Segment Open

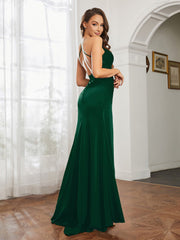 Sheath Satin Cowl Neck Prom Dresses Dark Green
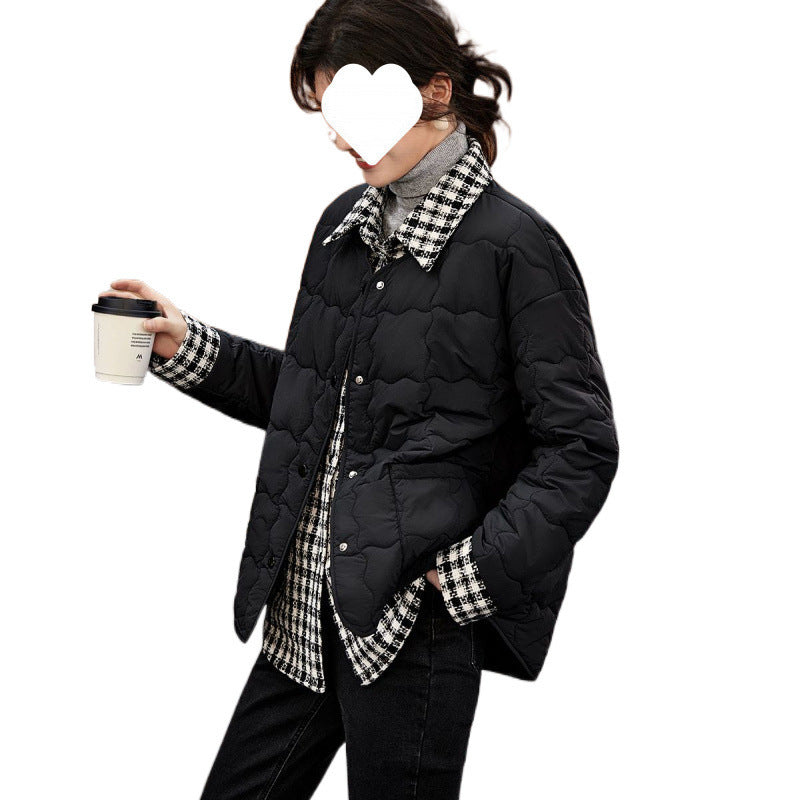 Winter All-matching Simple Stitching Women’s Cotton-padded Clothing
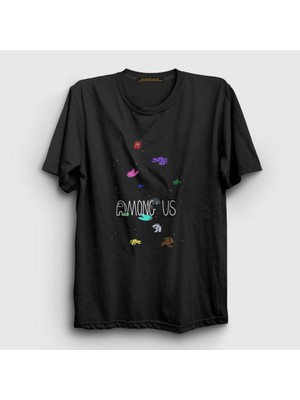 Presmono Unisex Siyah Space Among Us T-Shirt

Segment Closed

What is needed
Each line of the data above must be repeated exactly, images excluded.

Answer to this exercise
 Sheath Satin Cowl Neck Prom Dresses Dark Green
 Winter All-matching Simple Stitching Women’s Cotton-padded Clothing
 Presmono Unisex Siyah Space Among Us T-Shirt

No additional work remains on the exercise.